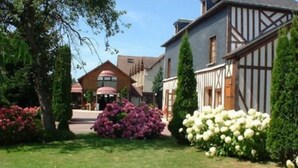 Een traditioneel vakwerkhuis met een verzorgde tuin vol roze en witte bloemen.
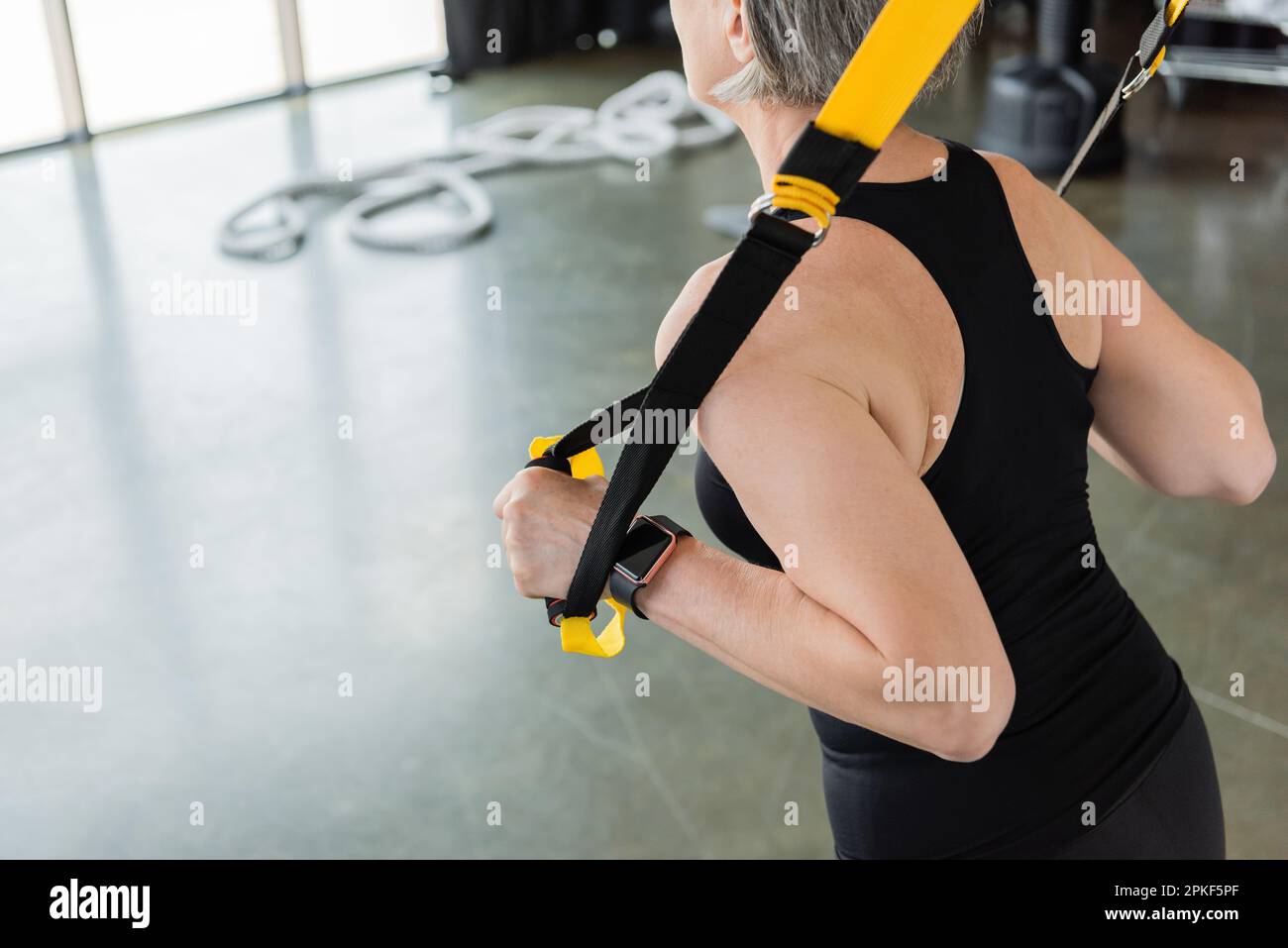 Verkürzte Ansicht einer Seniorin in schwarzer Sportbekleidung, die im Fitnessstudio mit Aufhängebändern trainiert, Stockbild Stockfoto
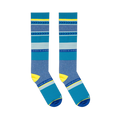 Flat lay of two blue and yellow striped knee-high socks positioned parallel to each other against a dark background.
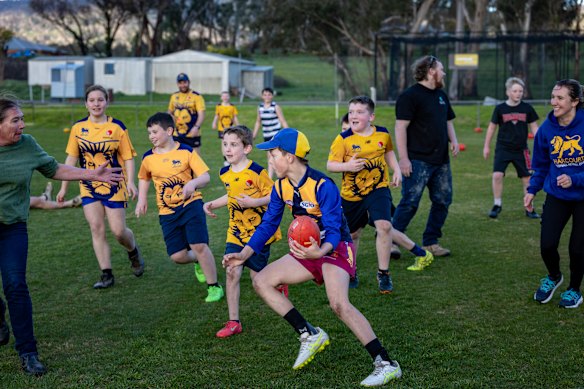 Harcourt’s under-12 side plays a scratch match against the parents.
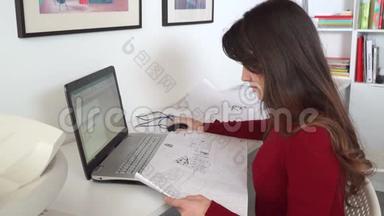 设计工程师坐在她办公室的办公桌前，在笔记本电脑上打字，在她的办公桌上放蓝图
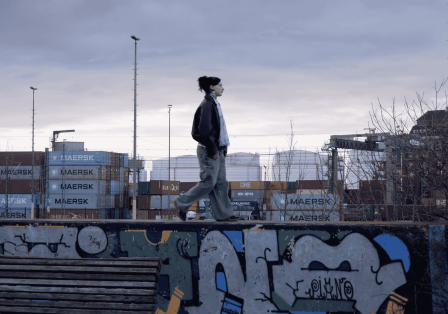Eine Person l&auml;uft in beginnender Dunkelheit auf einer Mauerkante, im Hintergrund Container.
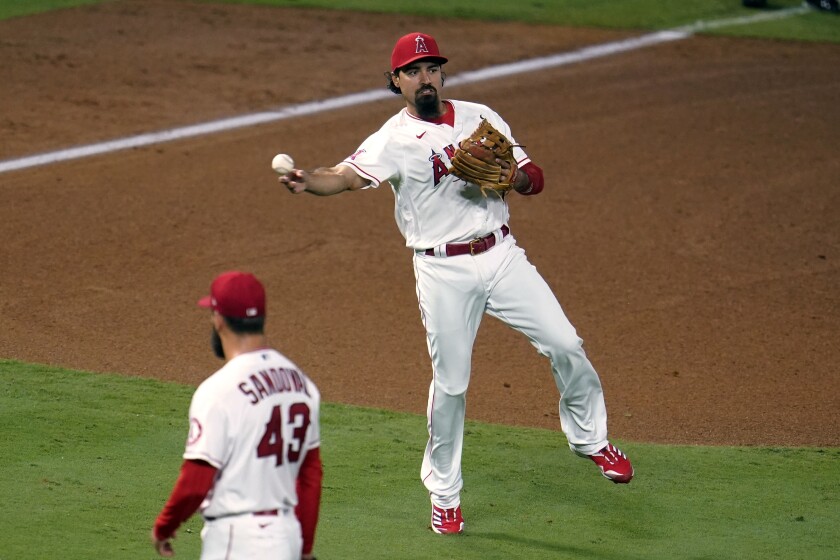 Los Angeles Angels third baseman Anthony Rendon makes an off-balance throw to put out Arizona Diamondbacks' Nick Ahmed at first base during the fifth inning of a baseball game Wednesday, Sept. 16, 2020, in Anaheim, Calif. (AP Photo/Marcio Jose Sanchez)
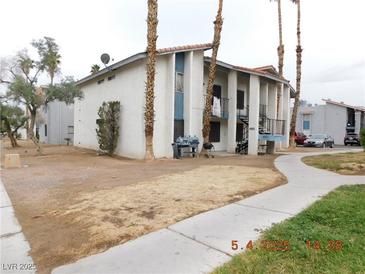 Two-story apartment complex featuring stucco facade, supported columns, and desert landscaping in an arid climate at 4663 Sand Creek Ave, Las Vegas, NV 89103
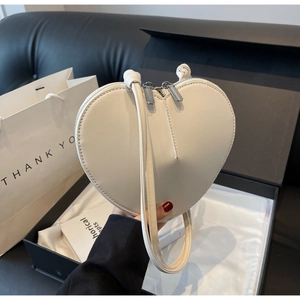 Dettaglio della borsa in pelle color crema a forma di cuore con doppia cerniera e cucitura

- _WHAT TO PRODUCE_: Start with the first line of the records above and end with the line containing "Flat lay of". Output those lines exactly, pictures excluded.

- _RESPONSE FOR THIS EXERCISE_:
 Een traditioneel vakwerkhuis met een verzorgde tuin vol roze en witte bloemen.
 Verkürzte Ansicht einer Seniorin in schwarzer Sportbekleidung, die im Fitnessstudio mit Aufhängebändern trainiert, Stockbild Stockfoto
 Flat lay of two blue and yellow striped knee-high socks positioned parallel to each other against a dark background.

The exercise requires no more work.